So we had eight different people that were kind of scoring the pitches. one of the things that were criteria we scored on was how much does this sort of align with what Uncaged is about, how “Uncaged-y” is this? Then that of into like feminist representations and twisting on tropes and representing things that aren’t normally represented – all that kind of got in there.

Jessica Marcrum: And can like, if this is an evil can they still have good reasons for being evil without it being like surprised they were good all along.

David Markiwsky: Exactly. And I think that, like, we really especially tackle that in the next phase. Once we kind of our pitches and brought all the authors on board. We had everyone write outlines and Jess in particular, but also rest of the admin team spent some time going through all the outlines and offering that kind of feedback on like, okay, well, we’ll need to push this a little bit more in this direction, a little bit more in that direction.

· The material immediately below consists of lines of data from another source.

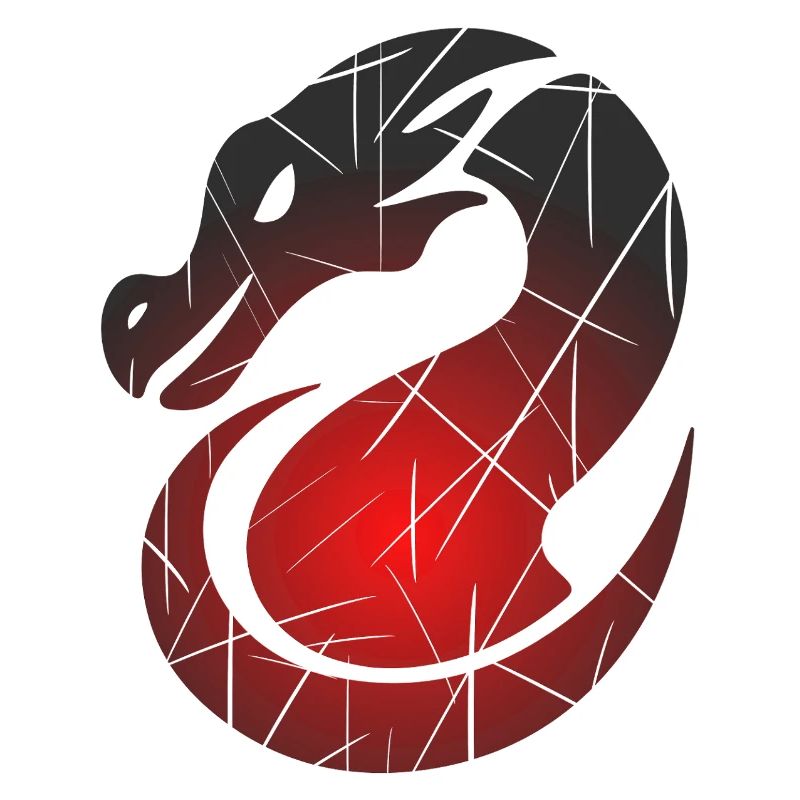 Roter Drachen mit Split-Textur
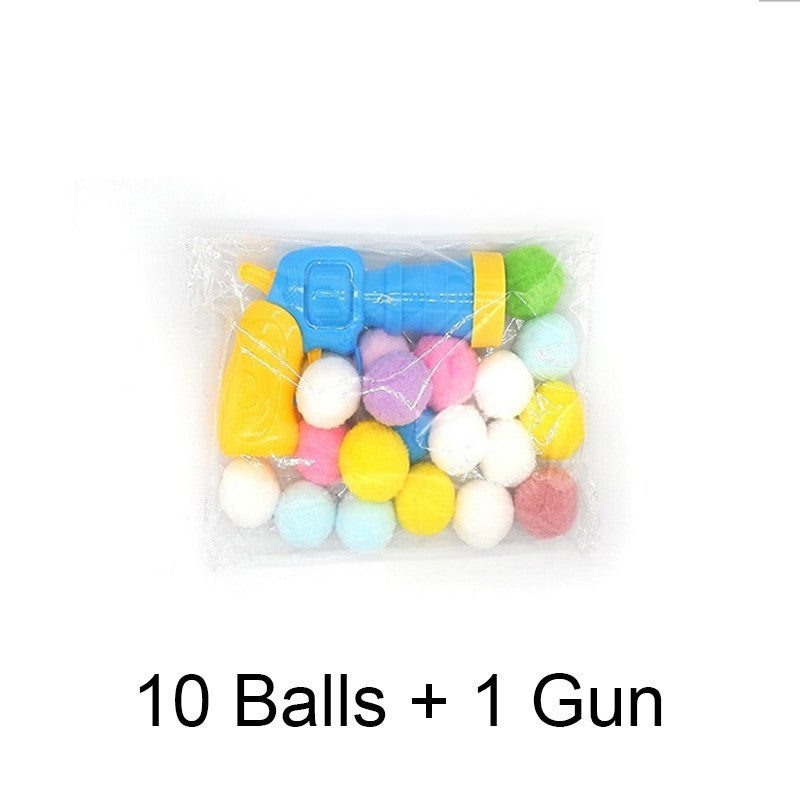 Bola de Pelúcia Atiradora de Gatos Aliviando a Depressão Brinquedo para Gatos Bola Silenciosa Mini Jogos de Armas Atiradoras de Bolas de Pelúcia Suprimentos para Animais de Estimação
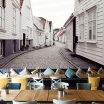 European Style White Small Town 3D Stereo Mural Restaurant Living Room Backdrop Wall Space Expansion Modern Decor Wall Painting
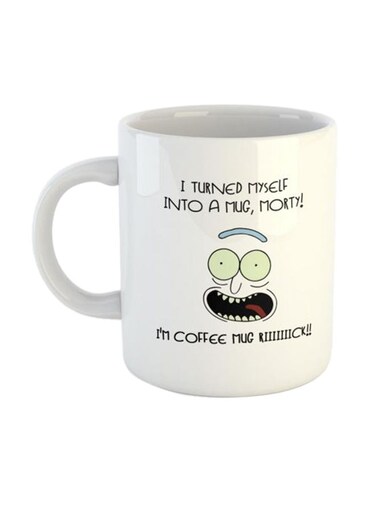 Rick And Morty Printed Mug White/Black 11.5x10.5x10.5centimeter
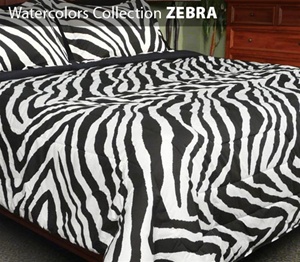 Watercolors Collection 3 Piece Comforter Set ZEBRA
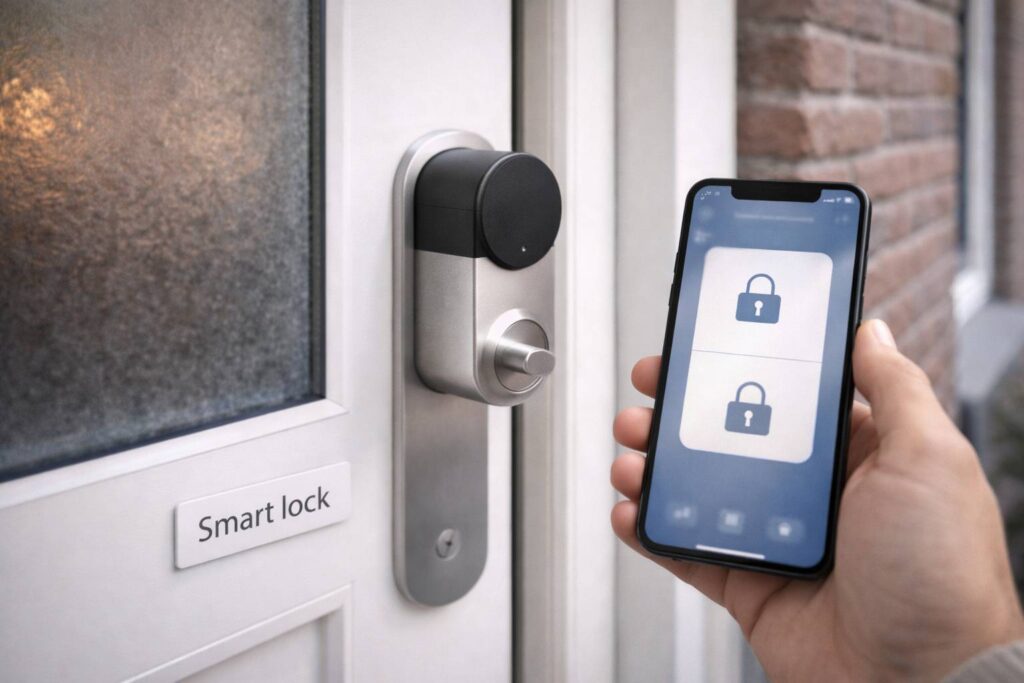 Modern slim slot op een Nederlandse deur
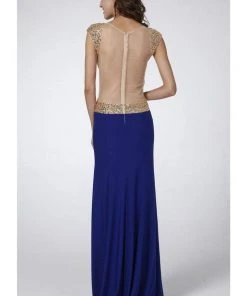 Cinderella Divine - 1547 Jeweled Cap Sleeve Illusion Gown 7 Cinderella Divine - 1547 Jeweled Cap Sleeve Illusion Gown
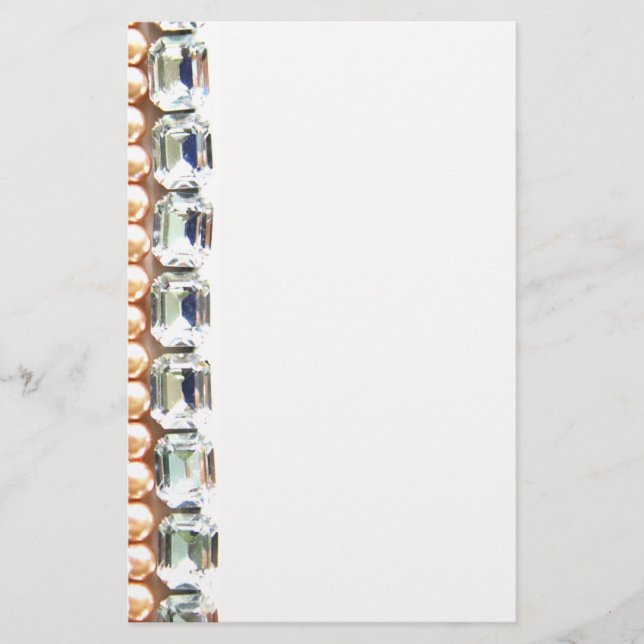 Papelería Diamantes de imitación y perlas - joyas antiguas (Anverso)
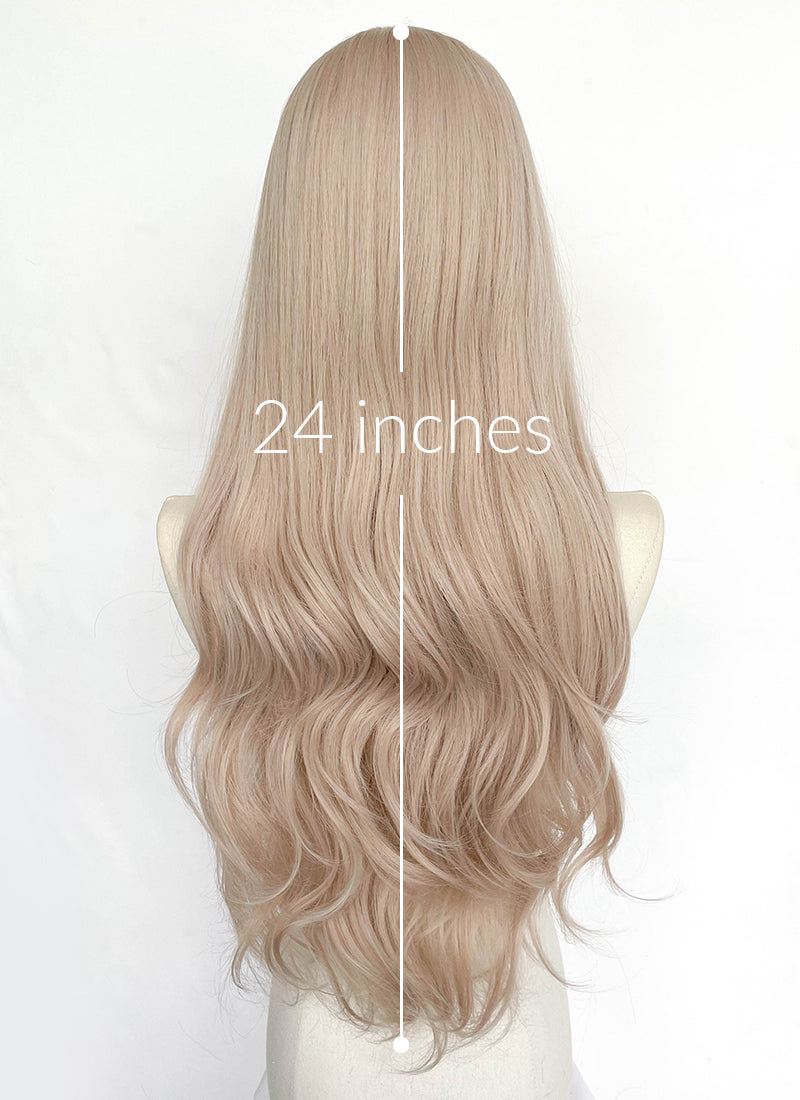 Pale Pink Wavy Synthetic Hair Wig NLCS033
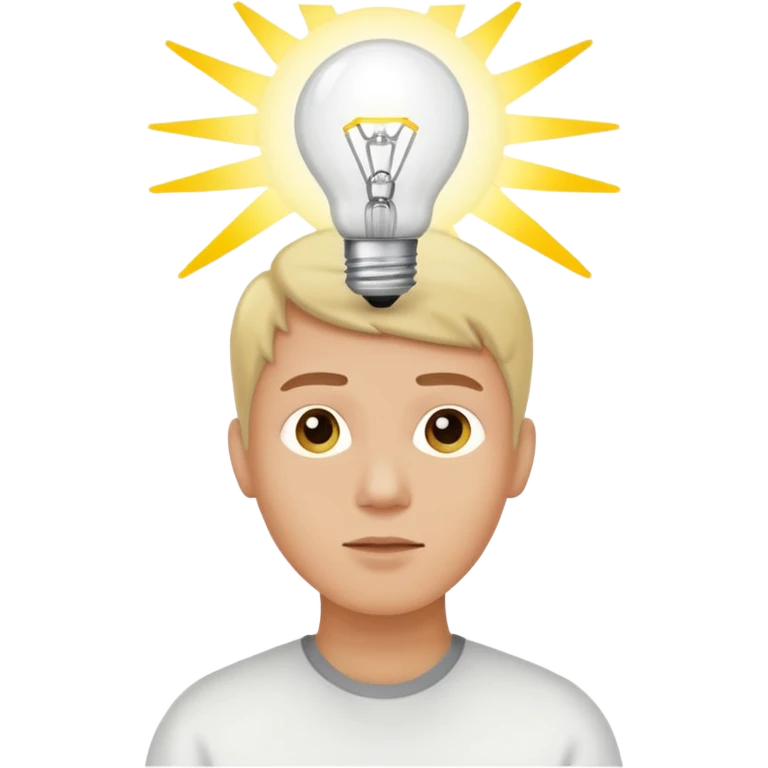 uma pessoa pensando e surge uma boa ideia na lampada emoji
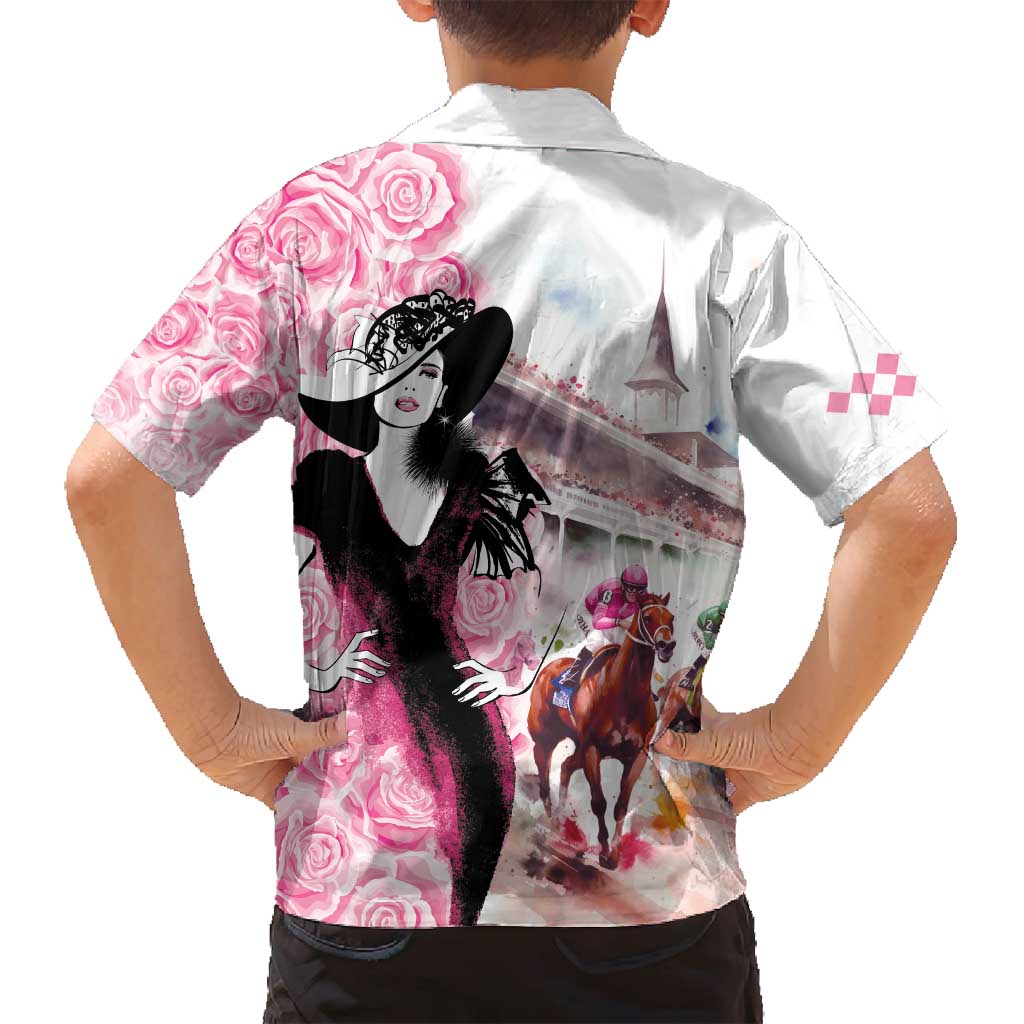 Kentucky Horse Racing Family Matching Puletasi and Hawaiian Shirt Derby Day - Pink Out Party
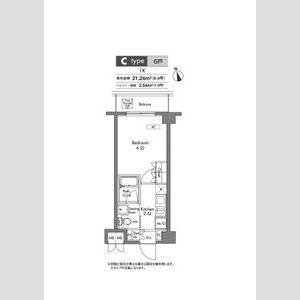 プラウドフラット神楽坂(1K/2階)の間取り写真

And then once we got into the actual writing, then I think Jess got into the nuts and bolts , of some of the adventures.

Jessica Marcrum: Our tagline for this was basically. Just because she’s evil doesn’t mean she doesn’t have her reasons or something it was phrased nicer, but that, that’s kind of how it was.

David Markiwsky: Every villain has her reasons.

Jessica Marcrum: There we go. Thank you. And just like how Uncaged’s thing was, every monster has her story kind of thing. And so we really wanted to stick with their villains, but they also have their reasons. And our team that David mentioned to review pitches was us on the admin team, but also a diverse group of people who had been involved with Uncaged before, like previous writers and artists on it.

And then also people who had not been involved with on cage before, but were very familiar with it. So like people who have run a million adventures from Uncaged we could. Like people who knew what we were looking for and have a good idea of what, sounds like a fun adventure for you?

Lucas: Yeah, fantastic. And I guess in the spirit of continually editing down I know we’ve chosen one monster in particular for today. And I suppose I should pause to kind of address the phrasing here. I’m using the word monster in the sense in which Dungeons & Dragons uses it that is anything with a stat block, I’m going to be conflating goddess and monster in this conversation, and I don’t think there’s anything I can really do to avoid that.

Jessica Marcrum: If it has a stat block, it can be killed.

Jessica Marcrum: Which is why some of the goddesses in this don’t have stat blocks. The ones you encounter in their room, some of the authors were like, You cannot kill her here’s things she can do to you though.

Lucas: interesting. So, so does I’m going to spoil a little bit. Does Luthic have a stat block then? Or are we operating in this kind of non-mechanical, non-combat space?

Jessica Marcrum: She has a big, chunky stat block. She has two full page stat block.

Lucas: My gosh.

Jessica Marcrum: She is CR 30. She does a lot of things.

Lucas: When you were building Luthic, is she a conversion from an older edition? Does she appear elsewhere in D&D lore, or was she spun out of whole cloth for Uncaged anthologies?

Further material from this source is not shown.